The April 2026 OMA Deadline
What is a One-Member Arrangement?
A one-member arrangement (OMA) is an occupational pension scheme with a single member — typically a company director or senior executive who has set up a personal pension scheme within their company. OMAs are common in Ireland, particularly among owner-directors and professional service firms. Until recently, they operated under a lighter regulatory regime. That is changing.The Deadline
Under the IORP II Regulations and the Pensions Authority’s transition programme, one-member arrangements must come into full IORP II compliance by April 2026. This is a significant regulatory change. Full IORP II compliance for an OMA means:- Appointing three Key Function Holders (Risk, Internal Audit, Actuarial)
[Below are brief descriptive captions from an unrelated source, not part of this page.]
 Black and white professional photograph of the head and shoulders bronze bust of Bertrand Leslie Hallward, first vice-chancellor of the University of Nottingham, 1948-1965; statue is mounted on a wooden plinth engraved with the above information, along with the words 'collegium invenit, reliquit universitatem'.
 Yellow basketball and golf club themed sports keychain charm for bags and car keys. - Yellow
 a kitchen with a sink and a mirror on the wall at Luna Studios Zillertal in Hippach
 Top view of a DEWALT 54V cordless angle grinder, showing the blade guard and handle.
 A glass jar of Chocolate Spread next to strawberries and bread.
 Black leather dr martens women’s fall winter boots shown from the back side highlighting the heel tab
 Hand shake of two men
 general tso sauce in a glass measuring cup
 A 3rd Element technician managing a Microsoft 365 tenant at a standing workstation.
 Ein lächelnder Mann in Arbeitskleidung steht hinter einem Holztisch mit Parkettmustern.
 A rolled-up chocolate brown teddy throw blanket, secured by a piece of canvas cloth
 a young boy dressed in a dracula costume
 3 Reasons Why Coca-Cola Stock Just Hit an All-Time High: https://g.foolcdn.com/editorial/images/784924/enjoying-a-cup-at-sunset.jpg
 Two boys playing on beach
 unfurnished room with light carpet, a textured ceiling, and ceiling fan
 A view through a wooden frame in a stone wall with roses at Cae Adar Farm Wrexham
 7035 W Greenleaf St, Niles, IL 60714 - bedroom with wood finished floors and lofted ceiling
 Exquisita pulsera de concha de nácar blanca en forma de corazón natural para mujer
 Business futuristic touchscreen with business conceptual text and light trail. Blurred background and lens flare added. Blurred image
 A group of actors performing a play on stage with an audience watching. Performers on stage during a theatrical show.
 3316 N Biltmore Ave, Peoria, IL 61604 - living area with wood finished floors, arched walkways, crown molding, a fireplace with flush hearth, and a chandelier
- Completing an Own-Risk Assessment
- Adopting all 11 mandatory written policies
- Filing an Annual Compliance Statement
- Meeting all other governance requirements
Your Two Options
Option 1: Full IORP II Compliance
Bring the OMA into full compliance with IORP II by April 2026. This means appointing KFHs, completing the ORA, adopting policies, and filing the ACS.Best for: Larger OMAs where the benefit of maintaining the scheme as a standalone structure outweighs the governance cost. Typically schemes with significant assets.
Option 2: Transfer to a Master Trust
Transfer the OMA’s assets to a master trust arrangement, which handles all IORP II governance on behalf of members.Best for: Smaller OMAs where the cost and complexity of full compliance is disproportionate. The member retains their pension savings — only the governance structure changes.
Timeline
| Date | Milestone |
|---|---|
| Now | Use the OMA Triage Tool to assess your options |
| Q1 2026 | Make your decision: comply or transfer |
| Q1–Q2 2026 | If transferring: initiate transfer process with master trust provider |
| April 2026 | Deadline — scheme must be compliant or transfer must be complete |
| After April 2026 | PA begins enforcement for non-compliant OMAs |
The 4-Stage OMA Transition Pathway
PensionPortal.ai’s OMA module guides trustees through the full transition with a 4-stage pathway tracker. Navigate to Schemes → [Your Scheme] → OMA Triage to start or resume your pathway. The live deadline countdown banner is colour-coded using the platform’s urgency system: green when time is ample, amber as April 2026 approaches, and red within 72 hours of the deadline.Stage 1: Assessment — Run the OMA Triage Tool
Answer questions about your scheme (assets, member age, employer contribution status, current governance) and the tool will calculate the estimated annual cost of IORP II compliance, identify available master trust options, produce a cost-benefit comparison, and recommend a path with supporting rationale.
Stage 2: Decision — Record the trustee decision
Record your formal decision in the platform — including the options considered, the rationale for the chosen path, and any professional advice obtained. This decision record is evidence for the PA that the trustee board made an informed, documented choice.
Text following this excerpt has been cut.